As a first step to transforming the school into a gender responsive school, FAWE-SS conducted a workshop from 15th - 19th March 2010 to bring all the stakeholders of the school together to consult and develop a common vision for the Gender Responsive School. The 45 participants (23 males and 22 females) who attended this workshop included representatives from the Government of Southern Sudan’s Ministry of Education, Science and Technology, the Ministry of Education for Eastern Equatorial (State, County and Payam levels), parents’ representatives, FAWE-SS Executive Committee members, and teachers and students at the school. Collective ownership and clarity of the desired GR School amongst the various stakeholders is a key element to the COE transformation process.
The workshop helped unveil the factors negatively affecting girls’ education in Torit County and at the John Garang Memorial School. These factors include the following:
• Girls are less valued than boys and are considered only as a source of dowry, which leads to early and forced marriage.
• Preference is given to boys' schooling in situations where families are forced by economic circumstance to make a choice.
• Negative cultural beliefs and gender stereotyping confine girls to domestic chores in the home, while boys are allowed and encouraged to go to school.
• Unsupportive home and community environments linked to domestic overload on girls, results in low enrolment and high drop outs.
• Lack of female role models within the communities reinforces the low value given to education in empowering girls and women. Communities erroneously think that girls become ‘spoiled’ when they go to school and end up abandoning their culture or falling pregnant.
• Long distances to schools raise parents’ concerns regarding their daughters’ safety.

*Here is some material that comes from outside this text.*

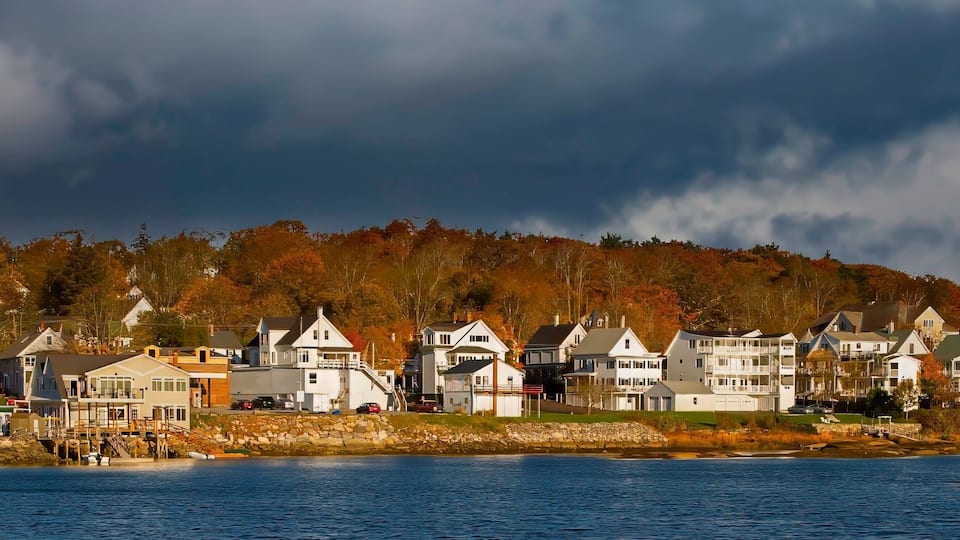 A panorama image of Homes on the waterfront on Boothbay Harbor, Vermont,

• Most parents are not comfortable sending girls to co-educational schools with only male teachers
• Unfavorable school conditions, limited basic facilities such as proper sanitation facilities, gender-biased school management practices, absence of positive female teacher role models, harassment by male peers and teachers, and unsupportive teaching methods compound the situation. Gender-biased pedagogy tends to favor boys.

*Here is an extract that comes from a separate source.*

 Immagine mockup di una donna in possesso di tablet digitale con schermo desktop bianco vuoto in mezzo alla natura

• Lack of accessibility to learning spaces during the rainy season also contributes to girls' retention at home by parents.

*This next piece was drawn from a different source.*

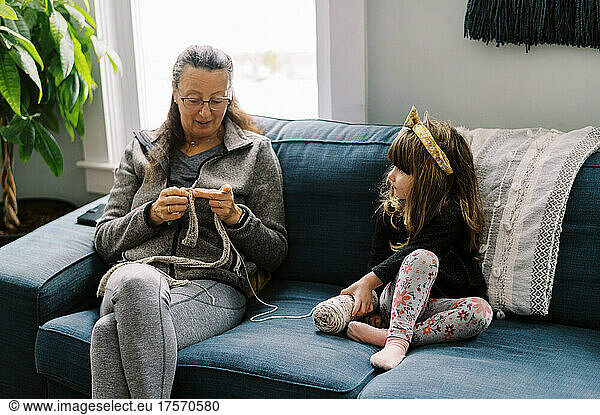Grandmother and her granddaughter on the couch crocheting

At the conclusion of the workshop, the stakeholders of the school (SMOE, PTA, the school, and FAWE-SS) agreed to work collaboratively to transform the John Garang Basic School into a gender-responsive school to ensure the retention and improved performance of both girls and boys. The Vision Workshop culminated in the following proposed solutions and commitments:
• Training teachers and the school management on Gender-Responsiveness.
• Empowering both boys and girls for self confidence and assertiveness so that they are better able to speak and advocate for their rights.
• Creating awareness about the importance of education and the dangers of early and forced marriage
• Lobbying for by-laws to protect the girls
• Establishing a scholarship program for disadvantaged girls and boys
• Setting up guidance and counseling desks for the students
• Providing comfort kits and comfort corners for the girls
• Lobbying for boarding facilities for the students
FAWE-SS underscored its plan to train teachers and state trainers on GRP and to conduct an empowerment program for boys and girls during the month of May 2010. The stakeholders agreed to work with FAWE-SS in the transformation process and each committed to taking a specific action. All these commitments were compiled into an action plan which will be revisited periodically.
This is an example of how FAWE operates in the countries in which it has National Chapters. In particular, FAWE uses data to assess the situation, consults with beneficiaries and stakeholders to identify the reasons for the situation, fosters involvement and commitment from everyone involved in the process to bring about the necessary transformation, and shares successful experiences through advocacy so that governments, partners and stakeholders can make corrective decisions.